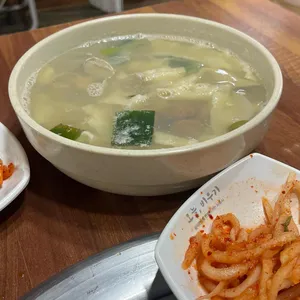 큰손회조개구이 사진
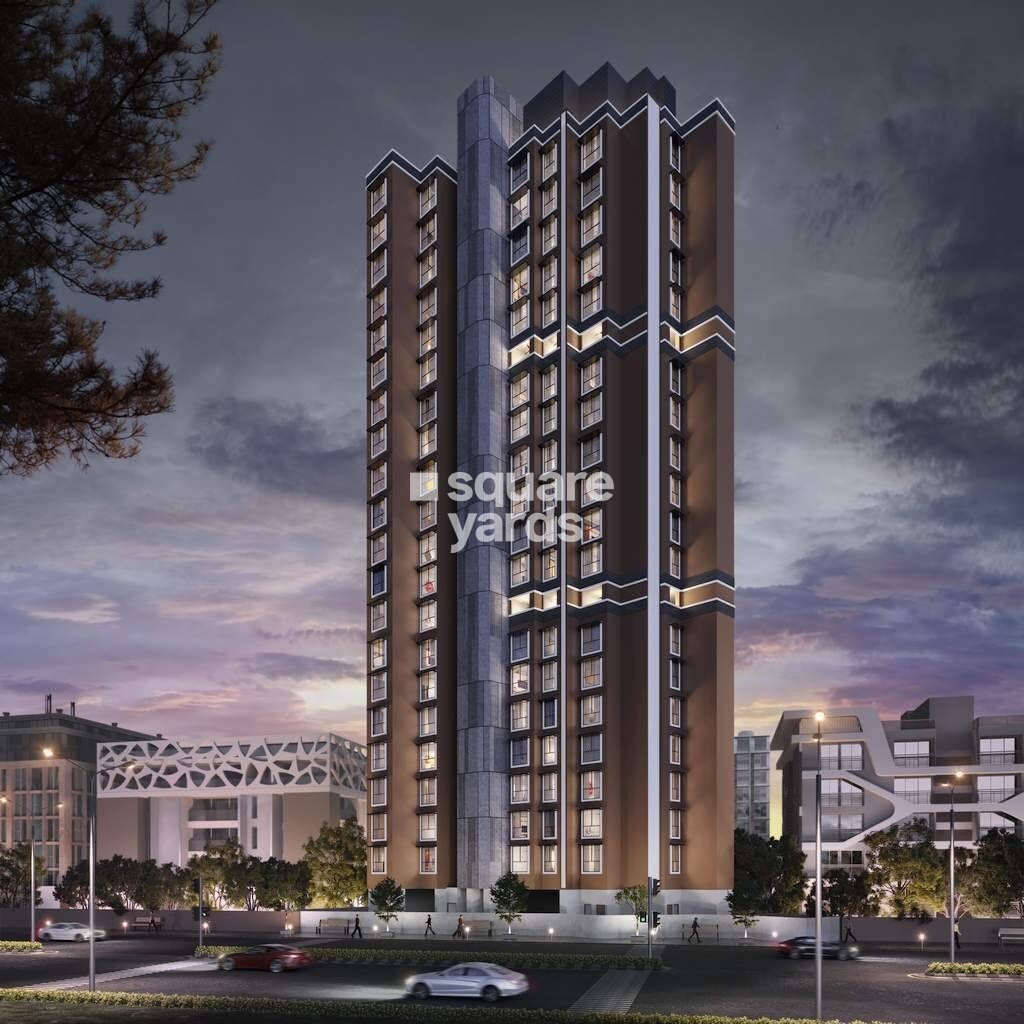 Neelyog Aashiyana Tower View 2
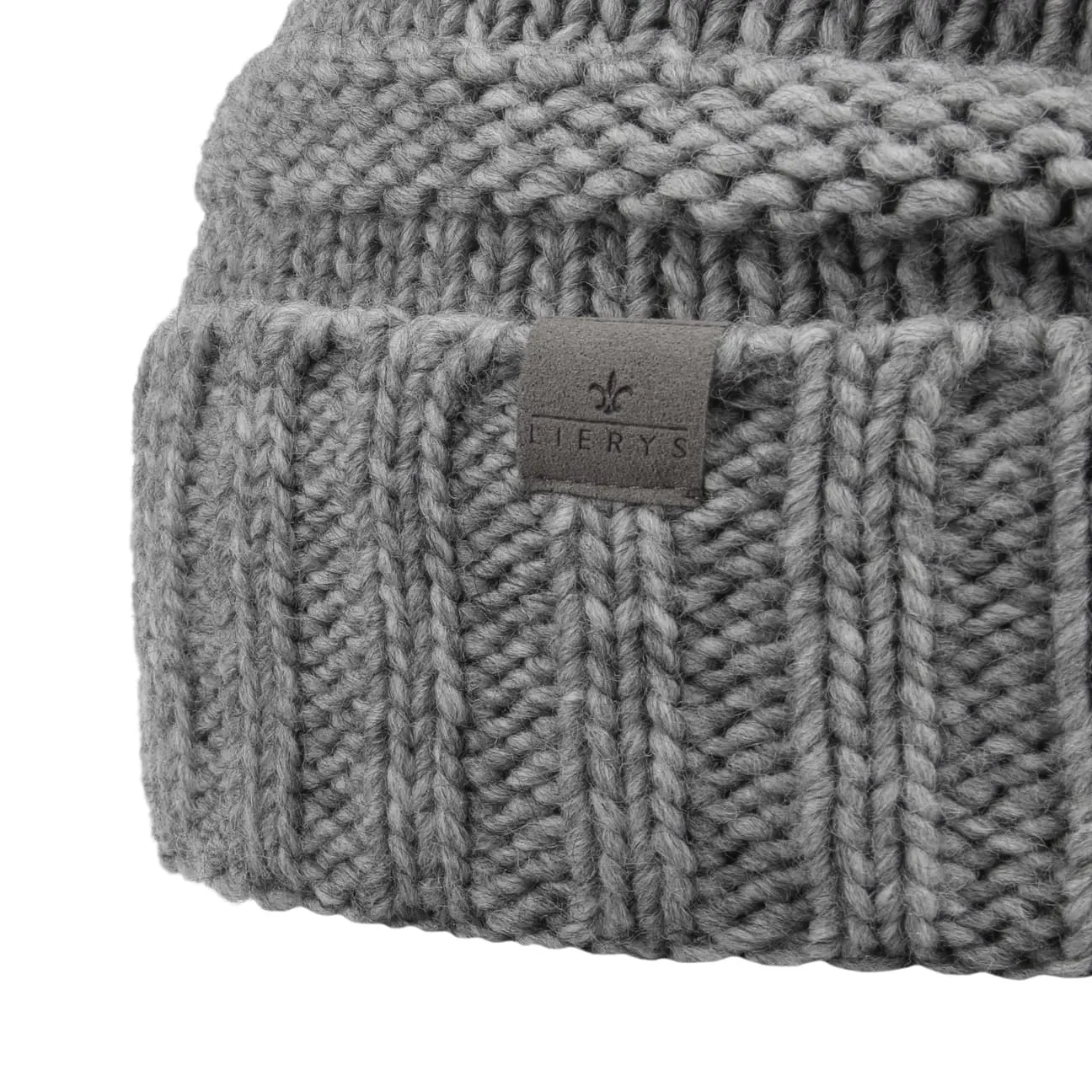 Jil Oversize Knit Hat by Lierys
^^^^^^^^
» **PROBLEM DESCRIPTION**: Make an exact copy of the listing above. Its pictures are not needed.

» **WRITTEN ANSWER**:
 큰손회조개구이 사진
 Neelyog Aashiyana Tower View 2
 Jil Oversize Knit Hat by Lierys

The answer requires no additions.